Strategies to extract facts from software systems.

Description

Extraction workflow

How can we extract facts from the System under Investigation (SUI) that we are interested in? The extraction workflow is shown in the figure above and consists of the following steps:

  • First and foremost we have to determine which facts we need. This sounds trivial, but it is not. The problem is that we have to anticipate which facts will be needed in the next---not yet defined---analysis phase. A common approach is to use look-ahead and to sketch the queries that are likely to be used in the analysis phase and to determine which facts are needed for them. Start with extracting these facts and refine the extraction phase when the analysis phase is completely defined.
  • If relevant facts are already available (and they are reliable!) then we are done. This may happen when you are working on a system that has already been analyzed by others.

  • Otherwise you need the source code of the SUI. This requires:

    • Checking that all sources are available (and can be compiled by the host system on which they are usually compiled and executed). Due to missing or unreliable configuration management on the original system this may be a labour-intensive step that requires many iterations.

    • Determining in which languages the sources are written. In larger systems it is common that three or more different languages are being used.

  • If there are reliable third-party extraction tools available for this language mix, then we only have to apply them and we are done. Here again, validation is needed that the extracted facts are as expected.
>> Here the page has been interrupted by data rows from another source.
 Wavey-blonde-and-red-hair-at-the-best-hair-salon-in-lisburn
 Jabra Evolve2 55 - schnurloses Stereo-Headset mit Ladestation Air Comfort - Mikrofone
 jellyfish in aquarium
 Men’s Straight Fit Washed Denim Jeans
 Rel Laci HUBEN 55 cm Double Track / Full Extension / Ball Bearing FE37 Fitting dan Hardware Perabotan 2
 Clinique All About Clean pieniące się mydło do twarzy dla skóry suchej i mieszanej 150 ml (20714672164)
  • The extraction may require syntax analysis. This is the case when more structural properties of the source code are needed such as the flow-of-control, nesting of declarations, and the like. There two approaches here:

  • Use a third-party parser, convert the source code to parse trees and do the further processing of these parse trees in Rascal. The advantage is that the parser can be re-used, the disadvantage is that data conversion is needed to adapt the generated parse tree to Rascal. Validate that the parser indeed accepts the language the SUI is written in, since you will not be the first who has been bitten by the language dialect monster when it turns out that the SUI uses a local variant that slightly deviates from a mainstream language.

  • Use an existing syntax definition of the source language or write your own definition. Be aware, however, that writing a grammar for a non-trivial language is a major undertaking and may require weeks to month of work. Whatever approach you choose, validate that the resulting grammar is compliant with the original grammar of the source language.
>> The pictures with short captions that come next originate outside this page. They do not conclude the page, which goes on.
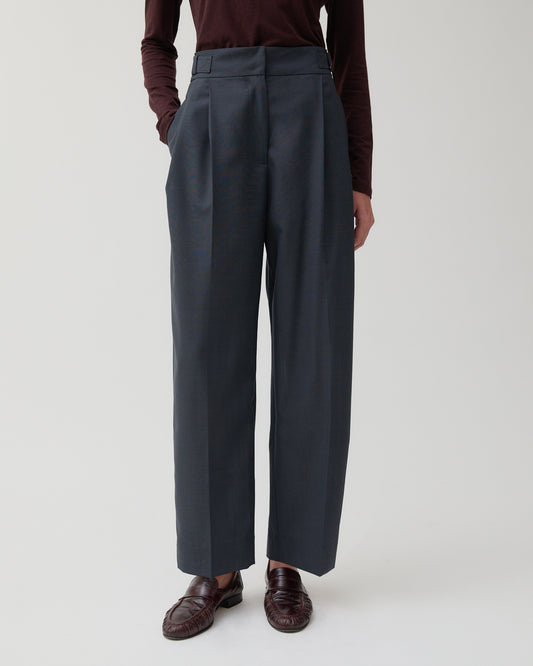 Eunah Trousers Wool Blend Suiting Slate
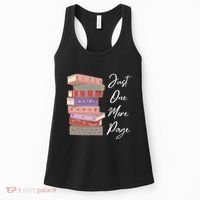 Just One More Page Book Reading Novels Funny Books Women's Tank Top thumb 0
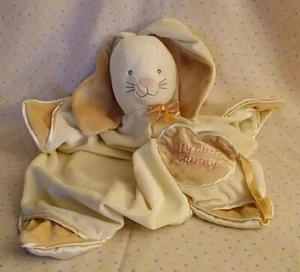 Baby Ganz My Little Bunny Blanket Cream Beige Lovey Stuffed Animal Plush HE8627 - Picture 1 of 11
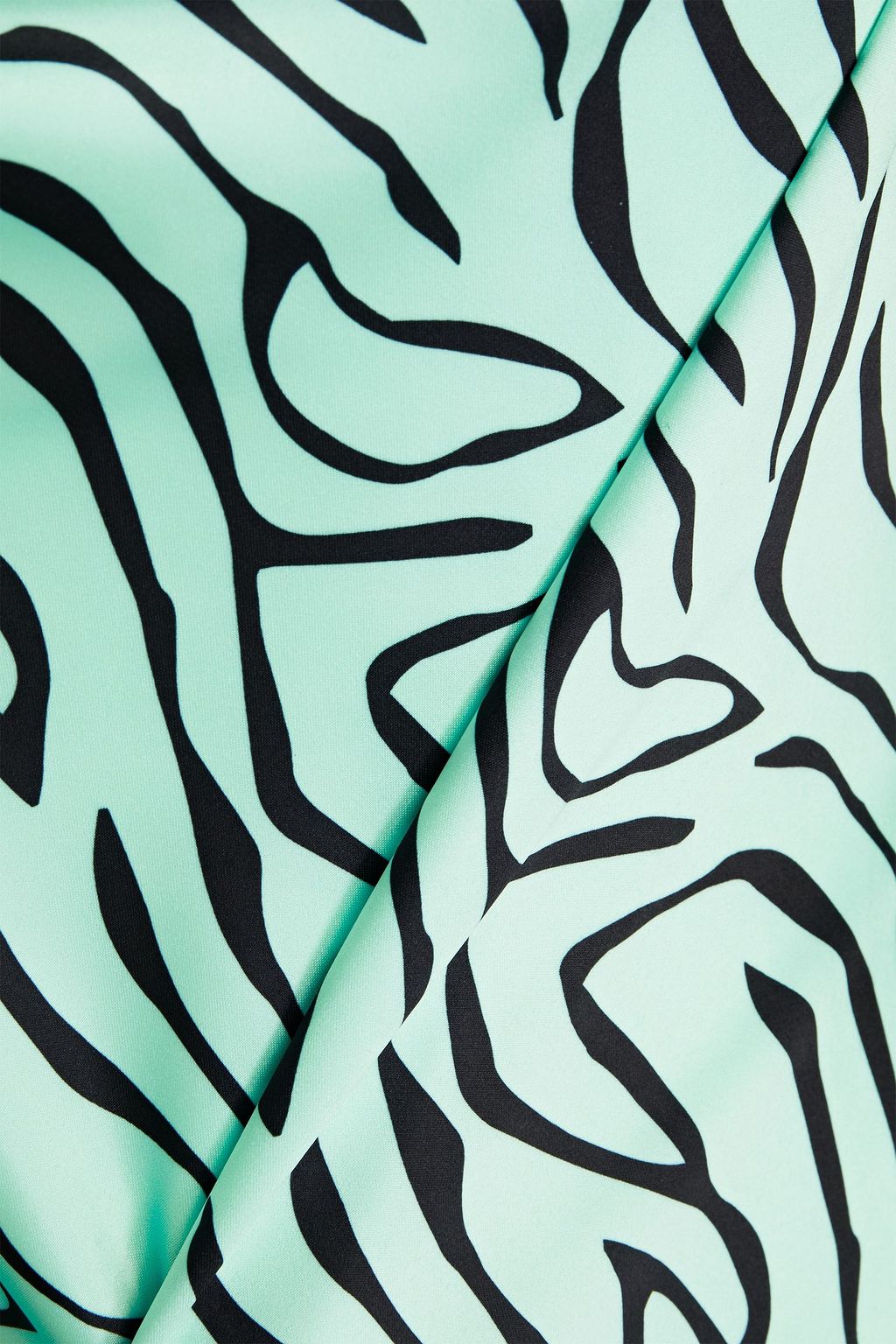 OLIVIA RUBIN Lia draped zebra-print satin midi slip dress
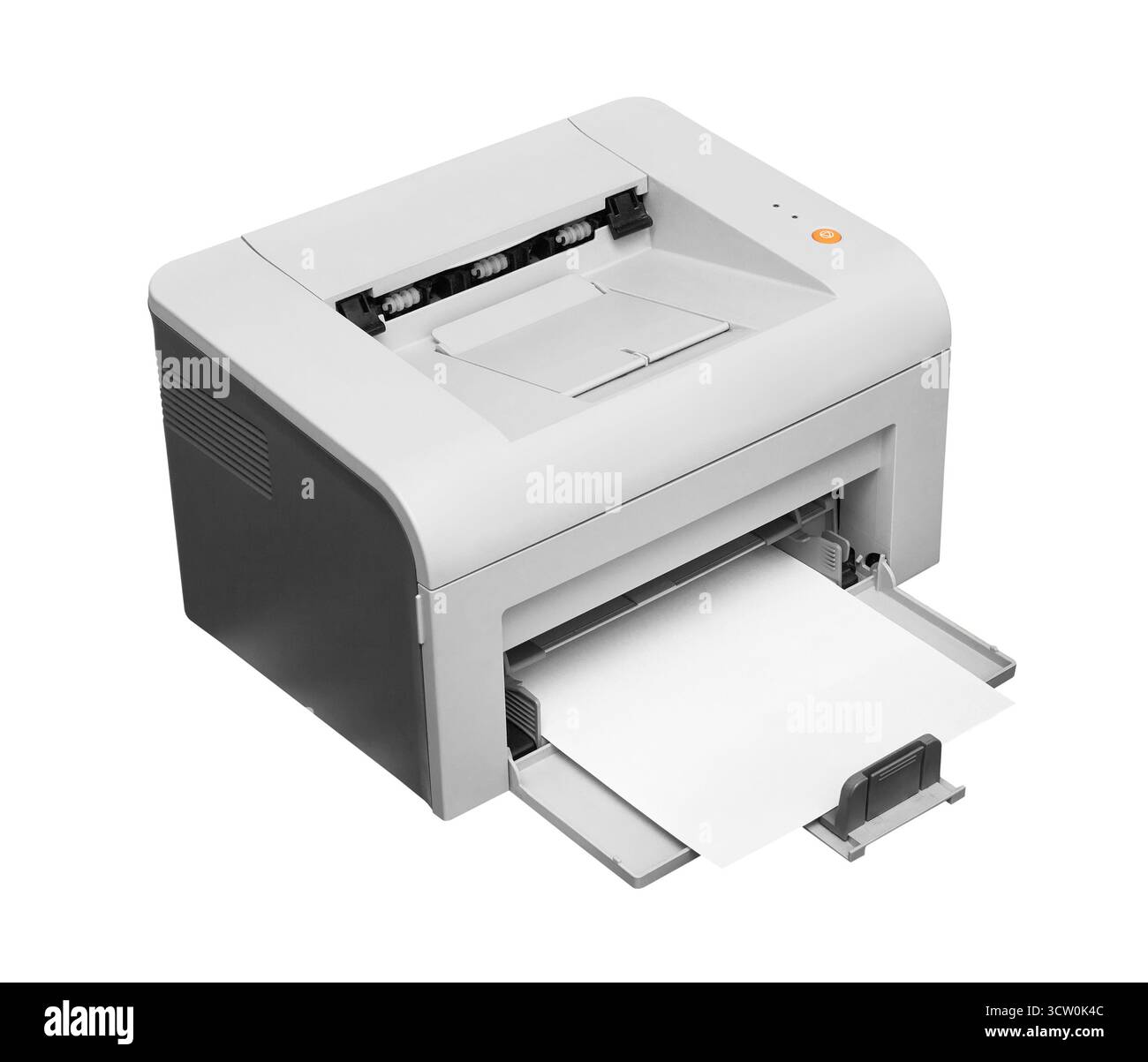 Laser printer isolated on white background Stock Photo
  • The extraction phase may only require lexical analysis. This happens when more superficial, textual, facts have to be extracted like procedure calls, counts of certain statements and the like. Use Rascal's full regular expression facilities to do the lexical analysis.
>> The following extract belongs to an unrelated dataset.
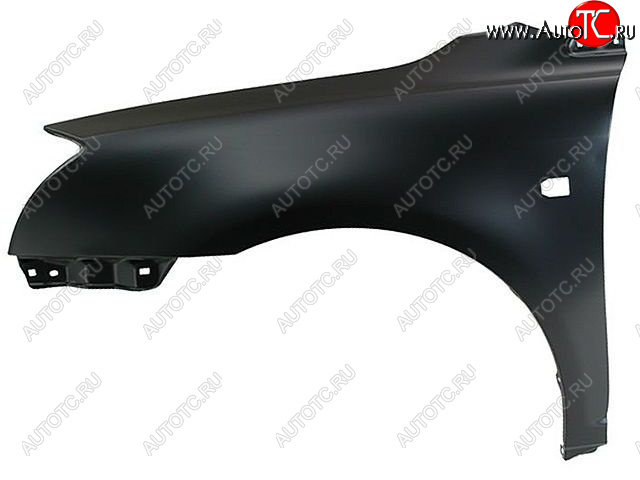 4 199 р. Левое крыло переднее (с отверстием под повторитель поворота, Тайвань) BodyParts  Toyota Avensis ( T250 седан,  T250 универсал) (2003-2006) дорестайлинг (Неокрашенное)  с доставкой в г. Вологда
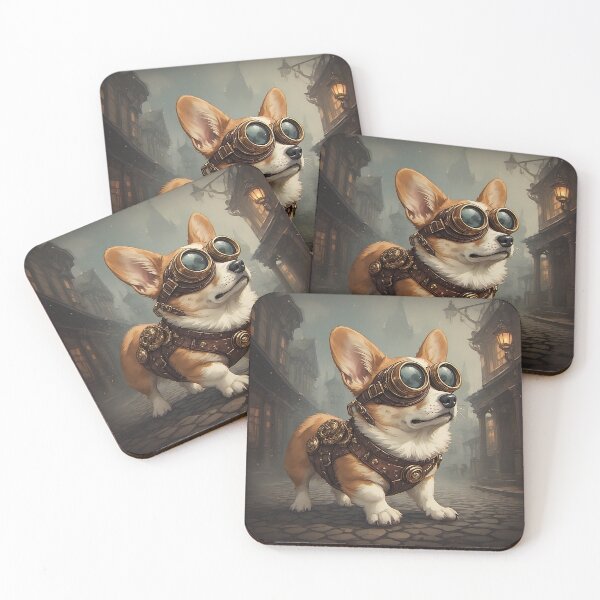 Item preview, Private Detective Corgi designed and sold by Lumina Void Studio.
It may happen that the facts extracted from the source code are wrong. Typical error classes are:

  • Extracted facts are wrong: the extracted facts incorrectly state that procedure P calls procedure Q but this is contradicted by a source code inspection. This may happen when the fact extractor uses a conservative approximation when precise information is not statically available. In the language C, when procedure P performs an indirect call via a pointer variable, the approximation may be that P calls all procedures in the procedures.

  • Extracted facts are incomplete: the inheritance between certain classes in Java code is missing.

The strategy to validate extracted facts differ per case but here are three strategies:

  • Post process the extracted facts (using Rascal, of course) to obtain trivial facts about the source code such as total lines of source code and number of procedures, classes, interfaces and the like. Next validate these trivial facts with tools like wc (word and line count), grep (regular expression matching) and others.

  • Do a manual fact extraction on a small subset of the code and compare this with the automatically extracted facts.

  • Use another tool on the same source and compare results whenever possible. A typical example is a comparison of a call relation extracted with different tools.

The Rascal features that are most frequently used for extraction are:

  • Regular expression patterns to extract textual facts from source code.

  • Syntax definitions and concrete patterns to match syntactic structures in source code.

  • Pattern matching (used in many Rascal statements).

  • Visits to traverse syntax trees and to locally extract information.

  • The repertoire of built-in datatypes (like lists, maps, sets and relations) to represent the extracted facts.